Riacquistò forza e intelligenza adeguate solo dopo che lo strappammo dal carcere, lo volemmo eletto al Parlamento europeo, occupammo il suo spazio, la sua casa, i suoi giorni, vivemmo e facemmo vivere il suo processo come nostro, e di tanti. Leonardo Sciascia s'era convinto anche prima di me, di molti di noi, non solamente della mostruosità dell'intera vicenda, ma della assoluta innocenza di Enzo. Tortora parlamentare europeo, esponente politico, militante del Partito Radicale, imputato non connivente nemmeno con le "prudenze" processuali e tattiche, cui quasi tutti si rassegnavano e si rassegnano nel processo italiano, ha dato vita a comportamenti che il nostro Paese non ignora ma non comprende ancora.
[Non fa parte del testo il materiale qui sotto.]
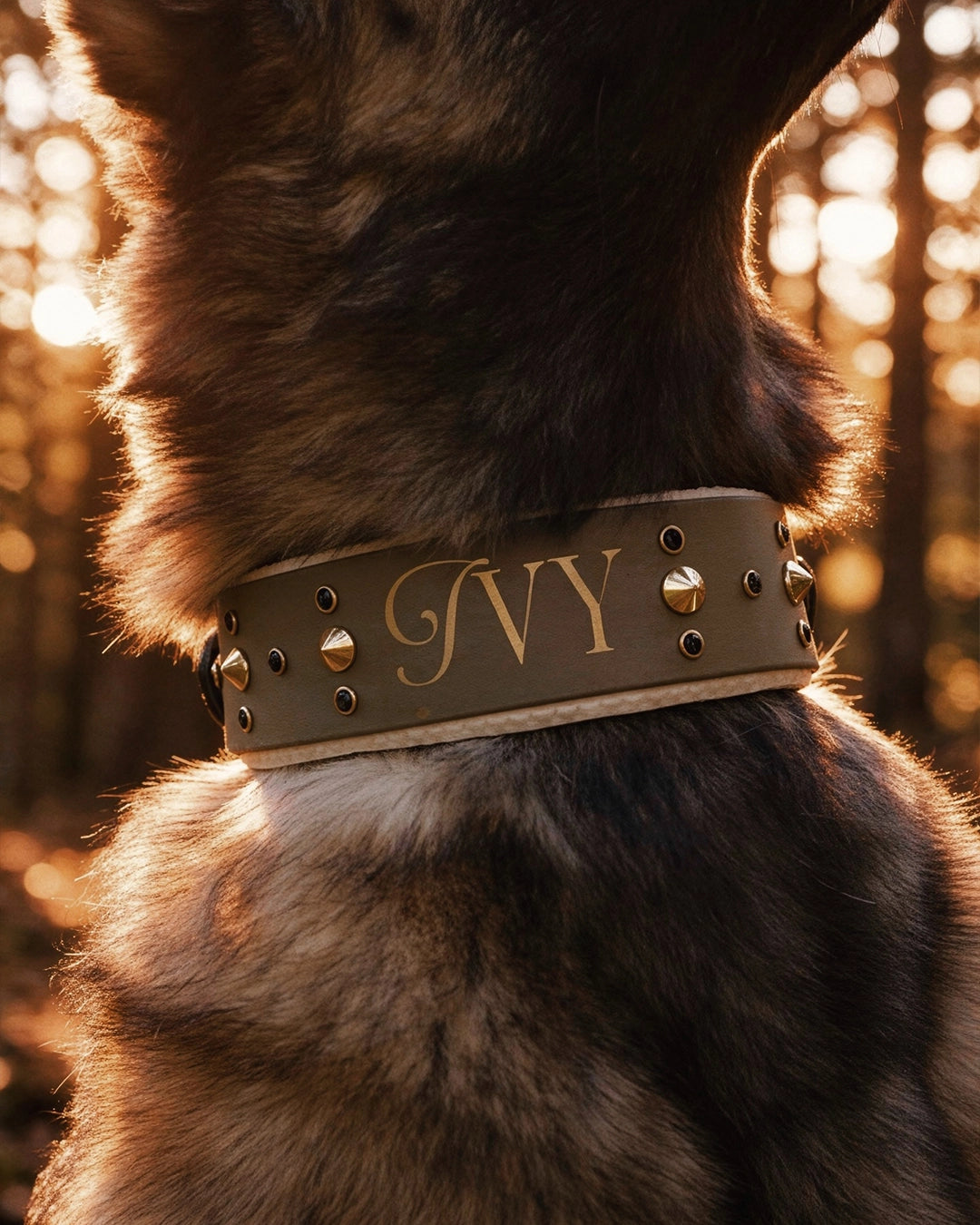 Collier - Main character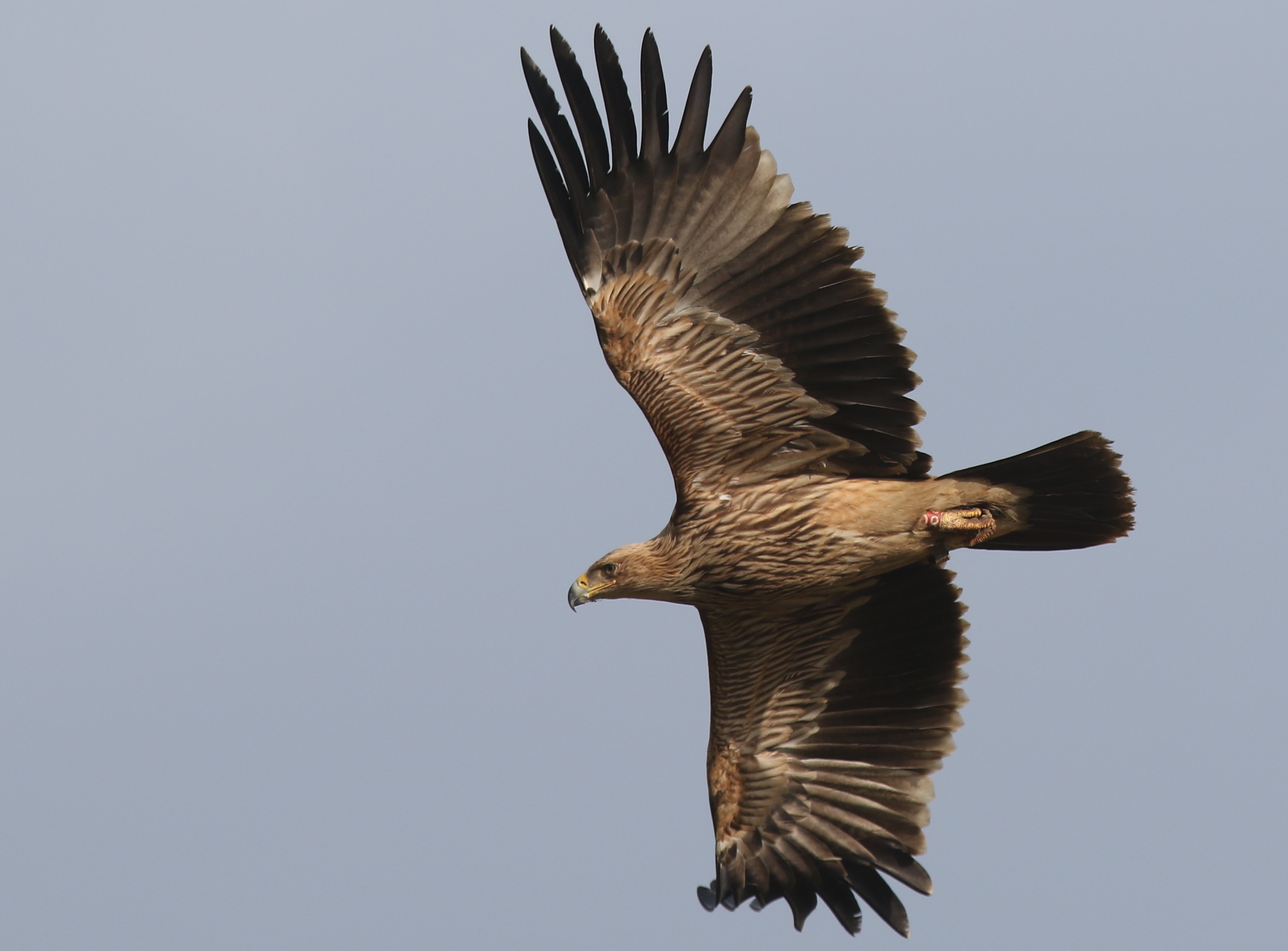 Imperial Eagle (Aquila heliaca)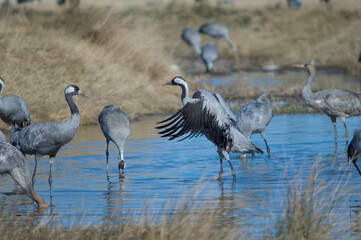 Fototapeta premium Common cranes Grus grus in a lagoon. Gallocanta Lagoon Natural Reserve. Aragon. Spain.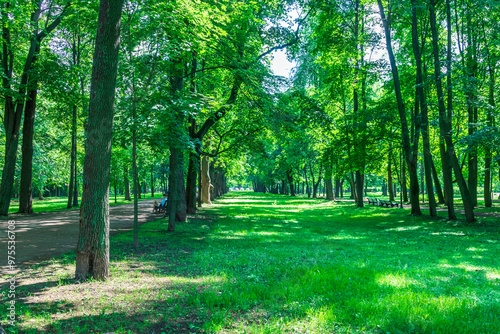 Fototapeta Naklejka Na Ścianę i Meble -  A lush green park with a path through it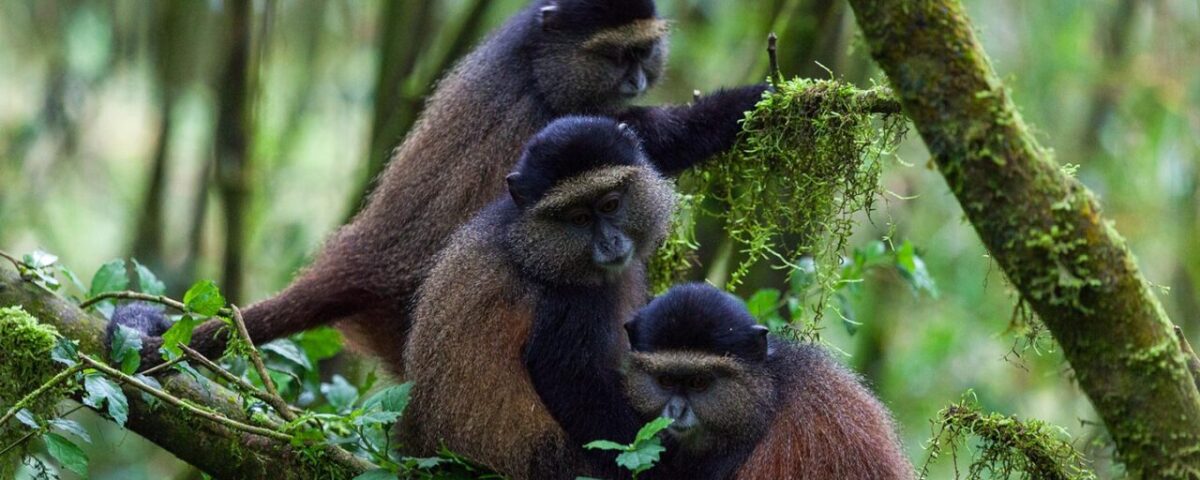 How Long Does Golden Monkey Trekking Take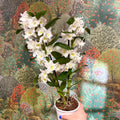 Dendrobium nobile - Noble Orchid - Sprouts of Bristol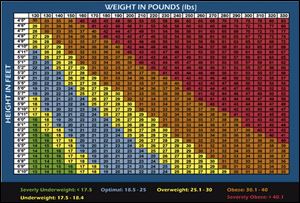 A body mass index chart divide a a person’s body weight by the square of his or her height.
Ne ha nozione, non conoscenza. Si sa, ma non si comprende cosa questo significhi, abbia significato, che, secondo la tradizione del Partito Radicale e della nonviolenza, ma in un contesto senza precedenti per gravità, egli si dimise dal Parlamento europeo per protesta contro il voto assolutamente unanime

, scandalizzato, veemente, contrario alla autorizzazione a procedere contro di lui, ed al suo arresto, emesso da parlamentari di dodici Paesi, e di ogni famiglia politica. E tornò in tal modo agli arresti domiciliari, dopo esser stato condannato da un plotone di esecuzione più che da un Tribunale di un Paese civile come "cinico mercante di morte", camorrista e via bestemmiando, mentre quasi tutti temevano un giudizio di appello e di cassazione di ordinaria ingiustizia. Vivemmo insieme da compagni, da colleghi, da fratelli. Dissentendo spesso nelle analisi, nelle opportunità da scegliere, specie per quel Partito Radicale che egli finì quasi per amar troppo, tanto gli pareva impossibile che il regime corrotto e corruttore, violento e antidemocratico per tanti versi, potesse avere la stessa feroce efficacia che aveva avuto conto di lui, anche contro quel suo Partito. Egli restava in verità disarmato rispetto alla concreta, specifica nequizia di questo tempo, di questa società. Si alternavano in lui disperazione

e entusiasmi, dinanzi alle cronache italiane. L'ignobile, e anticostituzionale, "legge Vassalli" che ha liquidato il risultato referendario sulla giustizia giusta e la responsabilità civile dei magistrati, autentico anche se marginale "colpo di Stato" avallato dal Presidente Cossiga, gli inferse l'estrema pugnalata. L'80 per cento del Paese gli aveva dato ragione e giustizia e speranza. Con un colpo di spugna tutto era tornato come prima, peggio di prima. O così gli apparve.

Ma non volle andarsene rassegnato, battuto. Così scrivemmo insieme un appello ed un articolo che il Corriere della Sera pubblicò annunciando la costituzione di una "Fondazione Enzo Tortora" volta a assicurare in Italia ed in Europa quella difesa ed affermazione dei diritti fondamentali, a cominciare da quelli alla propria immagine, alla propria identità, alla propria onorabilità e reputazione per ogni persona, senza i quali non v'è vita civile e democratica possibile in una società contemporanea. Volta anche -nelle sue e nostre intenzioni- a lanciare un "premio Nobel" per la giustizia che, incredibilmente, manca nel mondo. Per anni abbiamo cercato di ottenere che questa Fondazione vivesse, avesse aiuti ed incoraggiamenti adeguati. Il 30 giugno dovremo invece, probabilmente, annunciarne la scomparsa. Perchè il Paese, i suo intellettuali, i suoi "partiti", le sue forze "democratiche e civili", le sue istituzioni, anche, l'opinione pubblica, disinformata, non hanno mostrato alcun interesse. La "Fondazione"

doveva anche occuparsi di salvaguardare sul piano giudiziario la onorabilità e la memoria di Enzo. Epoca, i suoi lettori, ci aiuteranno ad impedire quest'altra pugnalata?